This sad empty plate is about to get filled up tomorrow…
Happy pre-Thanksgiving! As always, I’m rushing around like an idiot trying to pack and cram in a half day of work at the last second. Always planning ahead…
If you’ve been playing along with No Sugar November this month, I hope it has been an eye-opening and positive experience for you. I think making a minor (or major depending on how much you love Lemonheads) adjustment to our lives can be a really valuable learning tool. It all comes down to: Do I feel better or worse with or without _________ in my life?
Blank could be a food or alcohol or cigarettes or drugs or television or a person or a thought, but you won’t know what effect it has on you until you go without for a while. Sometimes you realize life is worse. (Ever gone a week without exercise and then felt like shit?) And sometimes you realize life is better–that you didn’t know it was possible to feel this good, that you didn’t know this was even an option.
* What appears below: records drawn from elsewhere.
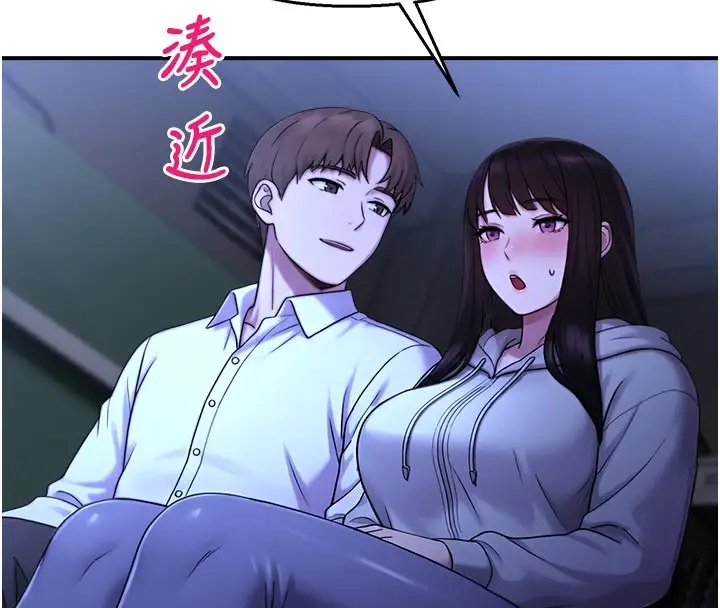 漫画《校园禁播角落》第28话第87张图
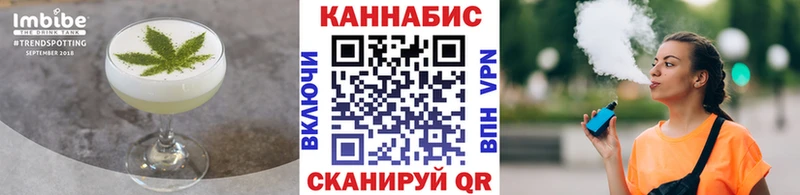 Печенье с ТГК марихуана mega зеркало Зарайск купить цена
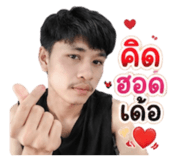 853362401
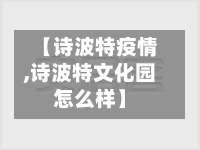 【诗波特疫情,诗波特文化园怎么样】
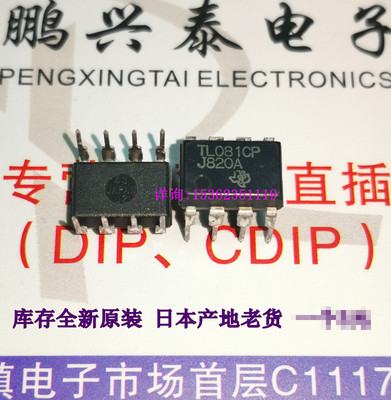 TL081CP  单运放 全新原装  TL081 运算放大器IC 进口8插脚电子件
I think we run a lot of our lives on autopilot just doing and saying and eating and believing the same shit day in and day out to the point that it numbs us from realizing that some of that shit doesn’t feel good. In fact, I think (sadly) a lot of us don’t even know how bad we feel until we feel good.
You’ll hear about how good you can feel physically from people who start eating healthy for the first time or start exercising after a long period of inactivity. I’ve also felt it mentally when I drop excess emotional baggage in favor of more feel good.
This came to me really clearly when I met and fell in love with Nick–that I didn’t know something like this was even an option. I guess I just always thought it was supposed to be a struggle, that it was always supposed to hurt. It took the elimination of things that I didn’t realize made me feel so bad to open the door to things that make me feel so so good. It’s a crazy thing.
For me, #SUGARNOPE hasn’t revolutionized my life, but I’ve found increased energy in the afternoons and have eliminated my addiction to post-meal sweets.
As for the end… You can do what you will with the rest of the month, but I’m calling it tomorrow just in time for the holiday feast. We’ve been sugar free for 26 days and, as we say at the end of a lot of yoga classes: Your cup is now empty. Be mindful of what you put back in it.